Verstimmung im Paradies

Fr., 21.Jun.19, Franz.Polyn./Tuamotu/Insel Hao/d’Otepa, Tag 1846, 17.889 sm von HH

„Sie haben ihn gegessen“, Gerald spricht es als erster aus. Gerald ist unser französischer Nachbar der ersten Stunde auf Hao. Er hat noch immer das Gaumen-Problem und spricht nur ein paar Brocken Englisch, ist aber ansonsten sehr nett und hat vor allem viel Kontakt zu den Einheimischen. Gerald macht eine Essbewegung, um seine Annahme zu unterstreichen.

Die Rede ist von Halbohr. Den Namen haben wir dem kleinen Mischlings-Hund gegeben, der den ganzen Tag auf der Mole umher ströpert.
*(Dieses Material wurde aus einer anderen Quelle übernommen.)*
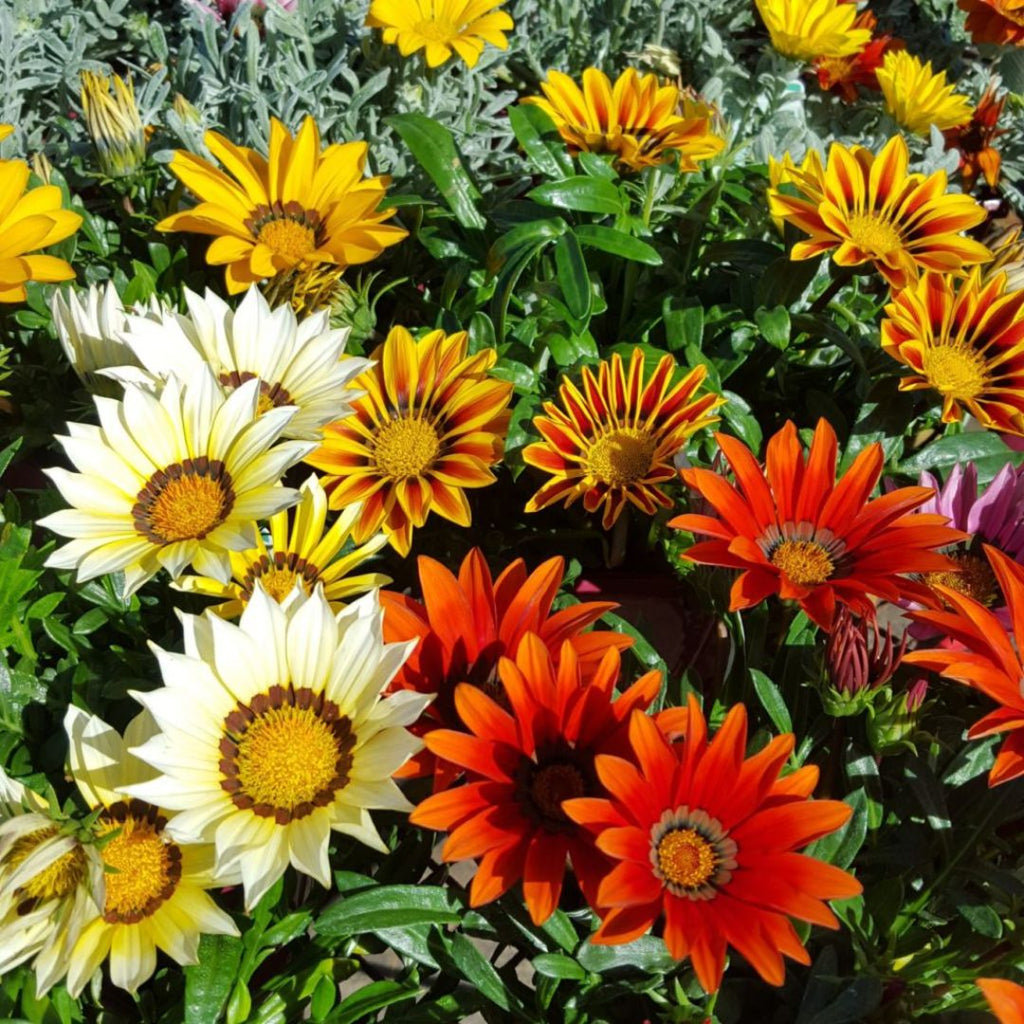 Gazania Talent Grey Leaf Punnet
Ein richtiges Zuhause scheint Halbohr nicht zu haben, da er auch nachts bei den Booten bleibt. Abwechselnd schläft er bei Gerald oder bei uns vor der Tür. Diese Treue ist durch ein paar Knochen- oder Reisreste schnell erkauft.

R.I.P Halbohr

Halbohr fehlt die Hälfte eines seiner übergroßen Fledermausohren. Ein sauberer Schnitt durch ein Messer oder eine Machete. Wir vermuten eine Teil-Amputation nach einem Unfall.
Die Einheimischen mögen ihn nicht. Er heißt bei ihnen Crétin – Idiot. Und die Kinder werfen schon mal einen Knüppel nach ihm, wenn sie zum Angeln auf die Mole kommen. Sie bringen ihre eigenen Hunde mit und wollen ihn nicht dabei haben.
Wir mögen Halbohr. Ein unaufdringlicher Kerl, der sich über jede freundliche Geste freut. Er ist noch sehr jung und hat gerade angefangen ‚Stöckchen holen‘ zu lernen. Und nun ist Halbohr verschwunden. Von einem Tag auf den anderen. Spurlos.
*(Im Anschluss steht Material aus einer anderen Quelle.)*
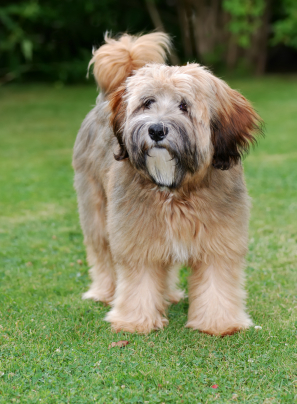 Tibetan Terrier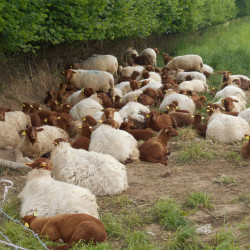 A réserver 30 agnelles Solognotes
Hundefleisch-Verzehr ist durchaus (noch) verbreitet: In vielen asiatischen Ländern, Mexiko, in zwei Kantonen in der Schweiz und eben auch in Polynesien. Auf Hawaii gab es die Zucht des ‚Hawaiian Poi Dog‘ ausschließlich zum Verzehr.
Mitte des 19. Jahrhunderts galt in Deutschland Hundefleisch als Delikatesse zu bestimmten Anlässen und Wilhelm Busch verarbeite das Schlachten eines Hundes literarisch. Im 20. Jahrhundert unterlag Hundefleisch der gesetzlichen Fleischbeschau und ein Verbot von Hund zur Fleischgewinnung erfolgte erst 1986.

Im Internet finden sich Rezepte für Hundegulasch und geräucherten Hund. Wobei Kenner eindrücklich darauf hinweisen, nur junge Tiere zu schlachten, da Hundefleisch im Alter zäh werden soll. In Deutschland gibt es die ‚Bürgerinitiative pro Hundefleisch‘, deren Argumente zum Verzehr von Hund ‚Schutz vor Vogelgrippe‘ und das Fehlen vor Gammelfleisch-Skandalen sind. :shock:
Solche Befürworter sind eher die Ausnahme, gesellschaftlich verbreitet sich weltweit ein Trend zum Hundefleisch-Tabu.
Allerdings müssen sich europäische Tierschützer, die den Verzehr von Hund in Asien anprangern, den Vorwurf des Snobismus und Rassismus gefallen lassen: wer seid ihr, dass ihr uns vorschreibt, was wir essen dürfen.

Unser Halbohr ist nun weg und wir sind traurig. Die einzig logische Erklärung für sein Verschwinden ist tatsächlich, dass er zum Braten wurde. Wir hoffen, dass er sein Ohr nicht als Geschmacksprobe hergeben musste.